Create your own Object Recognizer — ML on iOS

Hunter Ward
9 min readNov 12, 2017

--

OVERVIEW

GETTING STARTED WITH CORE ML ON iOS

▼ CREATE YOUR OWN OBJECT RECOGNIZER

Creating your own image classifier (aka, your own object recognizer) is a powerful skill. The growing intelligence of our devices means we’re expecting more from them. Whether we want to find the model number of a faulty valve, recognize a dog’s breed, or count the calories in that donut 🍩 … 😋 — the ability for apps to run their own Object Recognizer is a game-changer.

Previously we covered how to load and run a Core ML model in an iOS app. Today we’re going to use our own data to generate our own Core ML model.

Previously we covered iOS inferencing and input (green). Today; the whole pipeline (blue).

This tutorial provides a broad overview of the entire Machine Learning (ML) pipeline: from getting your own data, to running it in your app. For this article, we’ll be using a service so that we can skip the nitty-gritty parts involved in ‘Custom Training’ and ‘Model Conversion’.

As we noted previously: Starting out, our focus will be Real-Time Computer Vision (CV) on mobile. Right now we’re focusing on Object Recognition (not Object Detection, 2D/3D Localization, or time-based recognition … yet).

After an hour, your Object Recognizing application isn’t expected to be perfect nor fool-proof. However, it should be sufficiently accurate for POCs, MVPs, and experimental apps. The robustness of your applications will grow alongside your understanding of Machine Learning.

Duration

  • 1–2 hours 🕜

Assumed Knowledge

  • Novice understanding of iOS Development
  • Zero understanding of ML, Deep Learning, Computer Vision

Technologies

  • iOS 11, Core ML, Xcode, Swift 4.0, ARKit

A Five Step Process

You can pick any dataset you’d like: Toys, Utensils, Furniture, etc. Below we’ve opted on an object that you all hopefully have access to – your hands 👐.

▿ Step 1 of 5. Consider your Data ▿

Consider the types of Objects you want to Recognize
Depending on your dataset, there can be many ‘classes’ (groups) within the dataset we can choose to recognize. For example, there are multiple handshapes; the Ok Hand 👌, Pointing Hand ☝️, Binocular Hands, etc. You may go through these five steps multiple times until you intuit what objects work best. For this example, we’ll skip ahead and reveal that the Open Hand 🖐 and Fist 👊 are the easiest handshapes to distinguish.

Develop a Gut Feeling, an Intuition

Getting an intuition for the type of images required for generating a machine learning model isn’t easy when you’re just starting out. You’re not going to become a master overnight, however, this tutorial will get you started.

I recommend writing down your predicted anti-biases (robust attributes, e.g. lighting) and biases (more on that below). You might be guessing at this point, but it’ll get you thinking about your potential data.

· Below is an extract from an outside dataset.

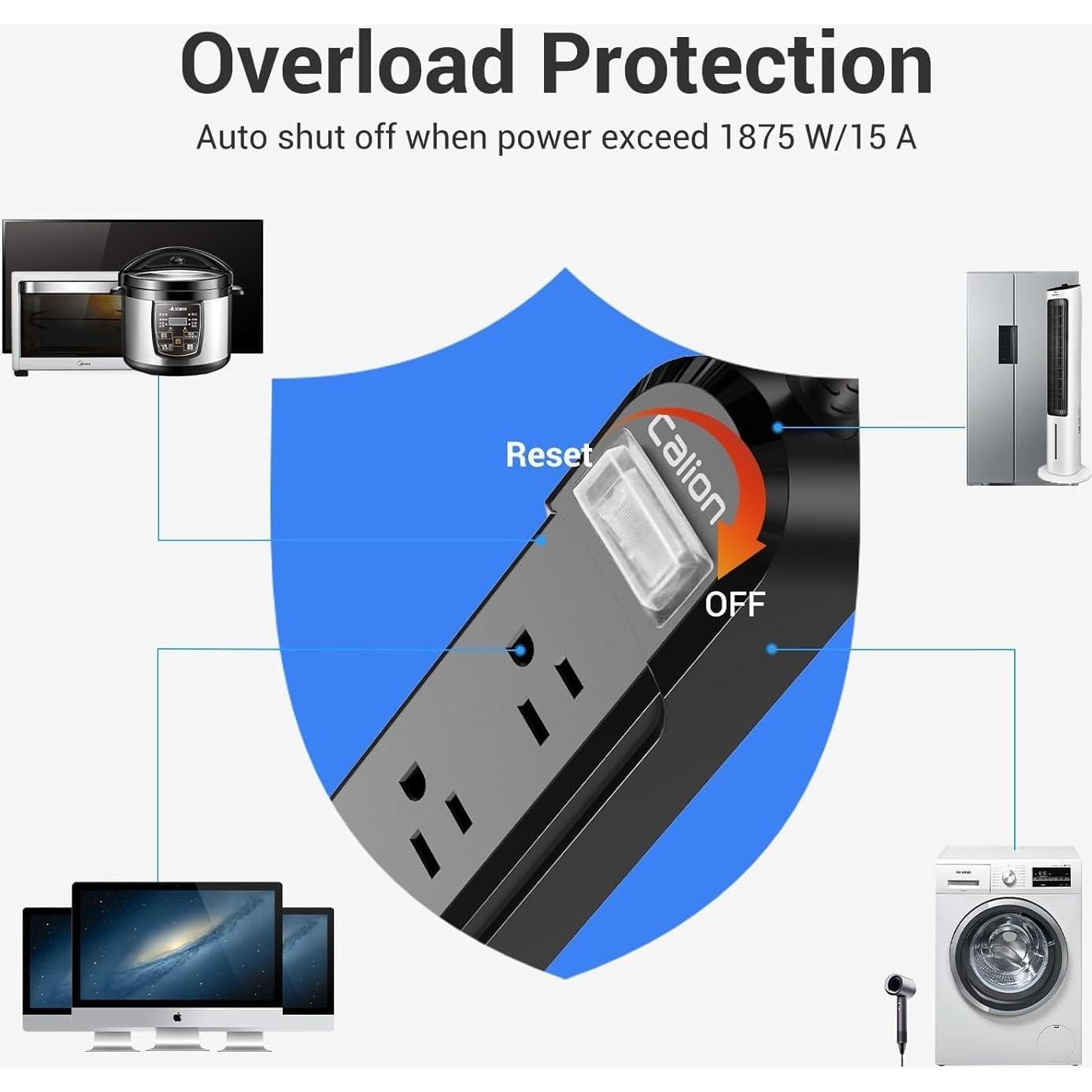 Toma de Corriente Exterior IPX6 Qiyuan 3 Salidas 1.83m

I also recommend experimenting with GCL’s Teachable Machine. Try getting the site running on your mobile and training on your objects.

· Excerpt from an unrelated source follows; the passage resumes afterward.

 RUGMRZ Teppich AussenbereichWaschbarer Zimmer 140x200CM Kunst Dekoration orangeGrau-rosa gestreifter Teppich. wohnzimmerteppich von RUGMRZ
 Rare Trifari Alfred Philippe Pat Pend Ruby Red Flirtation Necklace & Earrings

The Neural Network they use is different from ours. However, Teachable Machine should provide a sense of what data works, what doesn’t, and what biases you should be attentive too.

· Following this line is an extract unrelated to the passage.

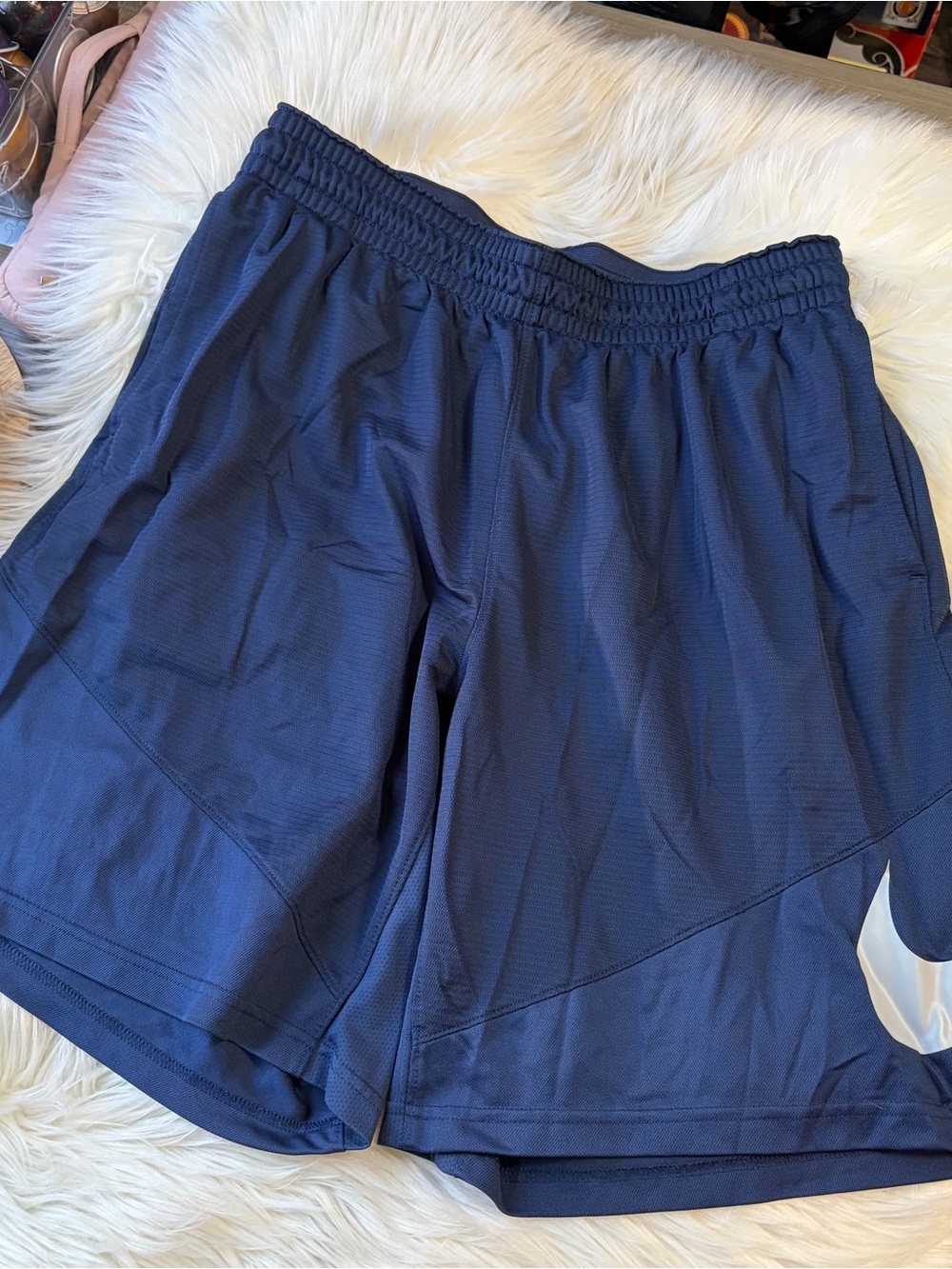 Nike Navy Athletic Shorts with White Swoosh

Growing intuition takes time — it’s usually a matter of simply experimenting and reading more about ML, DNNs, and CV. In later articles, I’ll point you towards resources that can effectively and efficiently grow your intuition.

Acknowledge Biases & Robustness
With any dataset you create, you should be aware of its inherent biases and robustness. For this tutorial, we are going to train and recognize your personal objects.

To generalize beyond your personal artifacts (e.g. to recognize any animal, any hand ✋, etc.) — you would expand your dataset to cover more anti-biases.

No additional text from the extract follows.